## The problem
Consider the listing below. Extract exactly the lines from the line containing "Image de Serene" to the line containing "91家纺网 家纺一手货源 找家纺", both included.

BEGIN Records

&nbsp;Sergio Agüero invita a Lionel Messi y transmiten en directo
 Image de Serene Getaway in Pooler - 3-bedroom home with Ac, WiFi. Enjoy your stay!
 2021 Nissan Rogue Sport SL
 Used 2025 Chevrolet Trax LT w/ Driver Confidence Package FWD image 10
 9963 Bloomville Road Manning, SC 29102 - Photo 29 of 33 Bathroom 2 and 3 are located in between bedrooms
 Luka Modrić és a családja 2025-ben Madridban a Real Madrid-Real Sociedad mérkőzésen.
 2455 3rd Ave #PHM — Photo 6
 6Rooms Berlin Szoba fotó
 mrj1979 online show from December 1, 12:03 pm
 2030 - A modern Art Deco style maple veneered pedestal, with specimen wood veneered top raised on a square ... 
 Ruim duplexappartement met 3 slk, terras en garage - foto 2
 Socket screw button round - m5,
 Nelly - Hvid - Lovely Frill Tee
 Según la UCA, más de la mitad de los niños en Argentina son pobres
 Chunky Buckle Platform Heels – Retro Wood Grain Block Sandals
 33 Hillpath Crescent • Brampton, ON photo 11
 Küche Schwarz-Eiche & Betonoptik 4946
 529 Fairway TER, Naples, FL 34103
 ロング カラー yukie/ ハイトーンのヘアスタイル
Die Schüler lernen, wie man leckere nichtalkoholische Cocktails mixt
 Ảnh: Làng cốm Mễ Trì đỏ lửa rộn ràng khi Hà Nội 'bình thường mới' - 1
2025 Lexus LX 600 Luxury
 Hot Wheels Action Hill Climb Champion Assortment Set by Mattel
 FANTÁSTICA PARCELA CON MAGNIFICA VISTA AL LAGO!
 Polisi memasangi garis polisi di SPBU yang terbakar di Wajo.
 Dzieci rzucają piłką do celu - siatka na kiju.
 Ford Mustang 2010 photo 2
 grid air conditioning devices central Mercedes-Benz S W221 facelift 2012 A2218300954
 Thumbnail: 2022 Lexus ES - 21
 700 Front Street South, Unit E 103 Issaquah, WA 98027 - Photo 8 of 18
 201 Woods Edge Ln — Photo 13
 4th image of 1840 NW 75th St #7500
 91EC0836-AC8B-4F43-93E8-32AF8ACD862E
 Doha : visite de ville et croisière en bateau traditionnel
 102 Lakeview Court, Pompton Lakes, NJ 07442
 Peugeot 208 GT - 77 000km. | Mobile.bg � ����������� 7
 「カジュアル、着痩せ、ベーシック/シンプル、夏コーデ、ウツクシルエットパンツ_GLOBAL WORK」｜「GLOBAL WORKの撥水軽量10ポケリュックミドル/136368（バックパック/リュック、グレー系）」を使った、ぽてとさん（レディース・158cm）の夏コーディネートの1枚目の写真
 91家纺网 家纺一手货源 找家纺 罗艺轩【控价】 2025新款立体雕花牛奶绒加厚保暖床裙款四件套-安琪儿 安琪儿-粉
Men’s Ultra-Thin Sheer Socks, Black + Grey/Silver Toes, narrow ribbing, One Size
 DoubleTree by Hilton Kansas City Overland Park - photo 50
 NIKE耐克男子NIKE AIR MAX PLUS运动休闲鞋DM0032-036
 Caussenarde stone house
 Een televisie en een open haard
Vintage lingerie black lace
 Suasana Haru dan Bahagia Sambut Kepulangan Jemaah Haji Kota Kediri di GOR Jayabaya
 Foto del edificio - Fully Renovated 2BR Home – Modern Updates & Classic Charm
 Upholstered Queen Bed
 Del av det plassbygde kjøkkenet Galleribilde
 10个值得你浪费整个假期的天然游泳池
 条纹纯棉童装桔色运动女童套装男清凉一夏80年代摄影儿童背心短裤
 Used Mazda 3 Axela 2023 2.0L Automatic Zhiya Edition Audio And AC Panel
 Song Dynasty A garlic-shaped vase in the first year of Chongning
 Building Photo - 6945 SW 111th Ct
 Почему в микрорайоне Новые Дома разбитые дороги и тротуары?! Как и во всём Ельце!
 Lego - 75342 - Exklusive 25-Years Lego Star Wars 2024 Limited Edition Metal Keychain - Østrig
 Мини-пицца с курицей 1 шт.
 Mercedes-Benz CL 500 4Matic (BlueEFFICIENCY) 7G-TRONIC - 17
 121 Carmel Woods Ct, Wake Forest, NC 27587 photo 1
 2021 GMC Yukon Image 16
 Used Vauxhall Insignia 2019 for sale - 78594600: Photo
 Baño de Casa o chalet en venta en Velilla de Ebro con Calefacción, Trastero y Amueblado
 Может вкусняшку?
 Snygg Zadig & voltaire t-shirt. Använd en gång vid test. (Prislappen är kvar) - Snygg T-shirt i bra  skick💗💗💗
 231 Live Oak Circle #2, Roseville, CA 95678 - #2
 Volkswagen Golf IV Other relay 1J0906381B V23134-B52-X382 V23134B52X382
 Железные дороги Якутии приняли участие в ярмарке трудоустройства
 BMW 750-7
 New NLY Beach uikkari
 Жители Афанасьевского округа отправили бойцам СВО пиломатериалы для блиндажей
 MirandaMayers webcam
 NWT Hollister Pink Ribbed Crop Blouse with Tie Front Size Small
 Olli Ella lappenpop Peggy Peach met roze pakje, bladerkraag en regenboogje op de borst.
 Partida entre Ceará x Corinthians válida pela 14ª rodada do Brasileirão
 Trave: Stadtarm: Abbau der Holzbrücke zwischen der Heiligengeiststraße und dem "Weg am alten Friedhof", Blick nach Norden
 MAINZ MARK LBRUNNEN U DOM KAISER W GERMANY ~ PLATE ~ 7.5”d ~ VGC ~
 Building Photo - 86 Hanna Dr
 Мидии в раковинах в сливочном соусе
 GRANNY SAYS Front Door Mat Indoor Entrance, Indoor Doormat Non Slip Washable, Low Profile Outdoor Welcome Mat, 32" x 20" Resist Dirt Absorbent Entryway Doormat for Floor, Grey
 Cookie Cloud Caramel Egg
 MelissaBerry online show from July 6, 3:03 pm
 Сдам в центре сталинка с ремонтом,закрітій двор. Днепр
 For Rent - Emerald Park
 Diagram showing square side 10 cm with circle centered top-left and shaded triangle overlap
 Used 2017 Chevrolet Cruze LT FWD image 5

END Records

## Exercise response
 Image de Serene Getaway in Pooler - 3-bedroom home with Ac, WiFi. Enjoy your stay!
 2021 Nissan Rogue Sport SL
 Used 2025 Chevrolet Trax LT w/ Driver Confidence Package FWD image 10
 9963 Bloomville Road Manning, SC 29102 - Photo 29 of 33 Bathroom 2 and 3 are located in between bedrooms
 Luka Modrić és a családja 2025-ben Madridban a Real Madrid-Real Sociedad mérkőzésen.
 2455 3rd Ave #PHM — Photo 6
 6Rooms Berlin Szoba fotó
 mrj1979 online show from December 1, 12:03 pm
 2030 - A modern Art Deco style maple veneered pedestal, with specimen wood veneered top raised on a square ... 
 Ruim duplexappartement met 3 slk, terras en garage - foto 2
 Socket screw button round - m5,
 Nelly - Hvid - Lovely Frill Tee
 Según la UCA, más de la mitad de los niños en Argentina son pobres
 Chunky Buckle Platform Heels – Retro Wood Grain Block Sandals
 33 Hillpath Crescent • Brampton, ON photo 11
 Küche Schwarz-Eiche & Betonoptik 4946
 529 Fairway TER, Naples, FL 34103
 ロング カラー yukie/ ハイトーンのヘアスタイル
Die Schüler lernen, wie man leckere nichtalkoholische Cocktails mixt
 Ảnh: Làng cốm Mễ Trì đỏ lửa rộn ràng khi Hà Nội 'bình thường mới' - 1
2025 Lexus LX 600 Luxury
 Hot Wheels Action Hill Climb Champion Assortment Set by Mattel
 FANTÁSTICA PARCELA CON MAGNIFICA VISTA AL LAGO!
 Polisi memasangi garis polisi di SPBU yang terbakar di Wajo.
 Dzieci rzucają piłką do celu - siatka na kiju.
 Ford Mustang 2010 photo 2
 grid air conditioning devices central Mercedes-Benz S W221 facelift 2012 A2218300954
 Thumbnail: 2022 Lexus ES - 21
 700 Front Street South, Unit E 103 Issaquah, WA 98027 - Photo 8 of 18
 201 Woods Edge Ln — Photo 13
 4th image of 1840 NW 75th St #7500
 91EC0836-AC8B-4F43-93E8-32AF8ACD862E
 Doha : visite de ville et croisière en bateau traditionnel
 102 Lakeview Court, Pompton Lakes, NJ 07442
 Peugeot 208 GT - 77 000km. | Mobile.bg � ����������� 7
 「カジュアル、着痩せ、ベーシック/シンプル、夏コーデ、ウツクシルエットパンツ_GLOBAL WORK」｜「GLOBAL WORKの撥水軽量10ポケリュックミドル/136368（バックパック/リュック、グレー系）」を使った、ぽてとさん（レディース・158cm）の夏コーディネートの1枚目の写真
 91家纺网 家纺一手货源 找家纺 罗艺轩【控价】 2025新款立体雕花牛奶绒加厚保暖床裙款四件套-安琪儿 安琪儿-粉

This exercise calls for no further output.